I Fioretti di San Francesco
CAPITOLO TRENTESIMO
Della bella predica
che feceno in Ascesi santo Francesco e frate Ruffino, quando eglino
predicarono ignudi
Era il detto frate Ruffino,
per continova contemplazione, sì assorto in Dio, che quasi insensibile e
mutolo diventò, radissime volte parlava, e appresso non aveva la grazia
né lo ardire né la facundia del predicare. E nientedimeno santo
Francesco gli comandò una volta che egli andasse a Sciesi, e predicasse
al popolo ciò che Iddio gli spirasse. Di che Frate Ruffino rispuose:
"Padre reverendo, io ti priego che tu mi perdoni e non mi mandi; imperò
che, come tu sai lo non ho la grazia del predicare e sono semplice e
idiota" E allora disse santo Francesco: "Però che tu non hai ubbidito
prestamente ti comando per santa obbidienza che ignudo come nascesti,
colle sole brache, tu vada a Sciesi, ed entri in una chiesa così ignudo
e predichi al popolo". A questo comandamento il detto frate Ruffino si
spoglia, e vanne a Sciesi, ed entra in una chiesa, e fatta la riverenza
allo altare, salette in sul pergamo e comincia a predicare. Della qual
cosa li fanciulli e gli uomini cominciarono a ridere e diceano: "Or ecco
che costoro fanno tanta penitenza, che diventano istolti e fuori di sé".
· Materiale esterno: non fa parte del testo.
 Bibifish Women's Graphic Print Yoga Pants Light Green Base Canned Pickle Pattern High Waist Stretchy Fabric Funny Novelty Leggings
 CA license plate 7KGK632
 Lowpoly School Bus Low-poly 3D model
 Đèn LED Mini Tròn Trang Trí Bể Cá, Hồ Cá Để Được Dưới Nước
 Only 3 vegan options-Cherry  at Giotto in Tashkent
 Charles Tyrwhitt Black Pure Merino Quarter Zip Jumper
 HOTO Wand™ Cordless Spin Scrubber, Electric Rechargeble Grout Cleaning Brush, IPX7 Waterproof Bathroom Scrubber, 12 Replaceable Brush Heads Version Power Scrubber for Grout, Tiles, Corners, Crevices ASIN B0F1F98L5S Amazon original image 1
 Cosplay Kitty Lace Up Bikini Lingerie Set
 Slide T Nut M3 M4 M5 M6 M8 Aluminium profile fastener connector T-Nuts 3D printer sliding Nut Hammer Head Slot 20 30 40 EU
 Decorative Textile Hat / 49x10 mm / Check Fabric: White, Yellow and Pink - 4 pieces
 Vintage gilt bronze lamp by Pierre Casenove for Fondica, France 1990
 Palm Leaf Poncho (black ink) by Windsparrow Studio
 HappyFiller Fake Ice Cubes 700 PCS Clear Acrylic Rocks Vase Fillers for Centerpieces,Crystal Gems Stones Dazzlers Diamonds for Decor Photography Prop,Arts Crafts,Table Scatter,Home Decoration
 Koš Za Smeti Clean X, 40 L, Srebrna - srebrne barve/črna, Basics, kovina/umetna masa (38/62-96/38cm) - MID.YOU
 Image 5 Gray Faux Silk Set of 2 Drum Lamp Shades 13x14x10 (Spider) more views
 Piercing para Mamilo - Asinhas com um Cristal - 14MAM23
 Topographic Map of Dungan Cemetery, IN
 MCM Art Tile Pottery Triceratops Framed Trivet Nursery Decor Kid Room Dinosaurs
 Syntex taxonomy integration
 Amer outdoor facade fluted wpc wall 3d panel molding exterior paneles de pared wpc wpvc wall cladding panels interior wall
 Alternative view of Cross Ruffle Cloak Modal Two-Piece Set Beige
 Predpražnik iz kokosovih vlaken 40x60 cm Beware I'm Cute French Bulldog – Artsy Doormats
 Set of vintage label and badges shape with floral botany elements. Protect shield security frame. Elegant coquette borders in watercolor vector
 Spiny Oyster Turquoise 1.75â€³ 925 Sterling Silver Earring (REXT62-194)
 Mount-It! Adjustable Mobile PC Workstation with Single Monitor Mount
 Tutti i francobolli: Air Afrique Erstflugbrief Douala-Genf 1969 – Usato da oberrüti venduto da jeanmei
In questo mezzo santo Francesco, ripensando della pronta obbedienza di
frate Ruffino, il quale era dei più gentili uomini d'Ascesi, ed al
comandamento duro che gli avea fatto, cominciò a riprendere se medesimo
dicendo: "Onde a te tanta prosunzione, figliuolo di Pietro Bernardoni,
vile omicciuolo, a comandare a frate Ruffino, il quale è de' più gentili
uomini d'Ascesi, che vada ignudo a predicare al popolo siccome pazzo?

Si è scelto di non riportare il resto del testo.